政府は、老朽化した耐震性が低いマンションの建て替えを促進するため、所有者の8割程度の合意があれば、土地と建物すべて売却できるよう規制を緩和します。早ければ来年の通常国会で法整備をする方向で検討しています。マンション跡地の再開発や、不動産市場の活性化につなげる狙いもあります。
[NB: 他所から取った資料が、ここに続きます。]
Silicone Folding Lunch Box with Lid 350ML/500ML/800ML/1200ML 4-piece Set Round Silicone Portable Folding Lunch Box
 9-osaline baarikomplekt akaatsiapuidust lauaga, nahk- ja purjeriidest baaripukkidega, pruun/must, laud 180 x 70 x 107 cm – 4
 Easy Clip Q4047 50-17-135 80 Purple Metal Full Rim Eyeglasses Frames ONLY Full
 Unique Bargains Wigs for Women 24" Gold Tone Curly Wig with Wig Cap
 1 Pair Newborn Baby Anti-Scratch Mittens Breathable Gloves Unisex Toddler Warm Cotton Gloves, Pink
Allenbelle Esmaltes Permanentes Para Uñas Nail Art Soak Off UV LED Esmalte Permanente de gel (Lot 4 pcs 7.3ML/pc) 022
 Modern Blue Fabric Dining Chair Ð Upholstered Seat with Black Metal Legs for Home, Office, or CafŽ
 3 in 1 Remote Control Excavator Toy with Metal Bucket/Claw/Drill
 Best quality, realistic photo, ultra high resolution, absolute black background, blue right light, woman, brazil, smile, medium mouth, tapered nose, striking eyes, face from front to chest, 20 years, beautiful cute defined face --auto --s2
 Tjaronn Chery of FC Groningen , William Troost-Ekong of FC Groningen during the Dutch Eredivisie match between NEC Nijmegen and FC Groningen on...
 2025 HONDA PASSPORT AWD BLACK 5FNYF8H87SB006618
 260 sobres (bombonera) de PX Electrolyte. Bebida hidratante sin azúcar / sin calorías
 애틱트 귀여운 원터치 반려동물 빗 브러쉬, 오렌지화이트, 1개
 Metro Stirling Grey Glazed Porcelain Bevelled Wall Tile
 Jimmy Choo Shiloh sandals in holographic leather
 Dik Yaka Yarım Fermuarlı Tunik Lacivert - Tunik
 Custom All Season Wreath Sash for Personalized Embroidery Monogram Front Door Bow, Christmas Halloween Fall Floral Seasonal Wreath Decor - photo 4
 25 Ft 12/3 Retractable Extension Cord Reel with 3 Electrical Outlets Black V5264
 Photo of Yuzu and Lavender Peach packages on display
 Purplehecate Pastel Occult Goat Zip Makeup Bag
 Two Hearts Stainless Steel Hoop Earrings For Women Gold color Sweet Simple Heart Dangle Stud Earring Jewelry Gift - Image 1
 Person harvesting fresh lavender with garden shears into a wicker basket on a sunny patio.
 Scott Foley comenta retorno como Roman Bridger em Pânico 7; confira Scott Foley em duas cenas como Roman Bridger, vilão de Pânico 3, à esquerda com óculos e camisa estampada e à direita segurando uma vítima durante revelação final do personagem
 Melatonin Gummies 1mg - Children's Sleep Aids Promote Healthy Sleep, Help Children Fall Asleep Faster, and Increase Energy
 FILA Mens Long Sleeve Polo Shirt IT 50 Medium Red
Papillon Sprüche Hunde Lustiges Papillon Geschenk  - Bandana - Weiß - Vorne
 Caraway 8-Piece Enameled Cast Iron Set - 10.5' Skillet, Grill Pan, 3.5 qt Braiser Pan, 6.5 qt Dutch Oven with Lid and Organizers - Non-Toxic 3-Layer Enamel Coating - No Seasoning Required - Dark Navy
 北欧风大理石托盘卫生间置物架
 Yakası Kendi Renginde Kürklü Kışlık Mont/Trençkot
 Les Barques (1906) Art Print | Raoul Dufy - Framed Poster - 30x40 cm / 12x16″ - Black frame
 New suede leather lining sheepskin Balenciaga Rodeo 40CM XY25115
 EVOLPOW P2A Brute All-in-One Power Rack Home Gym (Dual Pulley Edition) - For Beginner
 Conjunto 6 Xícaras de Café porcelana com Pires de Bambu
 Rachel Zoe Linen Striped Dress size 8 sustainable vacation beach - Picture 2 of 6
老朽マンションをめぐっては、複数の法規制がネックとなり、建て替えや地域再開発が進んでいません。現行法では、入居する借家人や担保権を持つ金融機関などの同意を前提に、所有者の人数と、所有する面積に応じた議決権でそれぞれ8割以上の合意があれば建て替えは可能です。ただ、住民同士の話し合いで手続きを進めなければならないなど、住民の負担が大きく、建て替えが進まない原因にもなっています。
一方、マンションの土地・建物を売却したり、解体して更地を売ったりする場合、民法で所有者全員の合意が必要と定められており、事実上、売却は困難です。このため、国土交通、法務両省が法整備の検討に着手しました。
国交省は今回、合意の要件を「全員」から緩和し、売却による建て替えを進めたい考えです。要件は、現行法の建て替えと同様の「8割」程度とする案が有力です。合意要件を緩和する新法を制定するか、建物の所有権や建て替え円滑化法などの法改正で対応します。
対象は、1981年の建築基準法改正前に旧耐震基準で建てられたマンション約106万戸となる見通しで、2012年末時点の全国のマンション全約590万戸のうち約2割にあたります。
政府は売却を促進するため、
(1)マンションの跡地利用時の容積率緩和など、売却先の業者が再開発に有利な条件を整える規制緩和
(2)住民の転居費用補助
なども検討しています。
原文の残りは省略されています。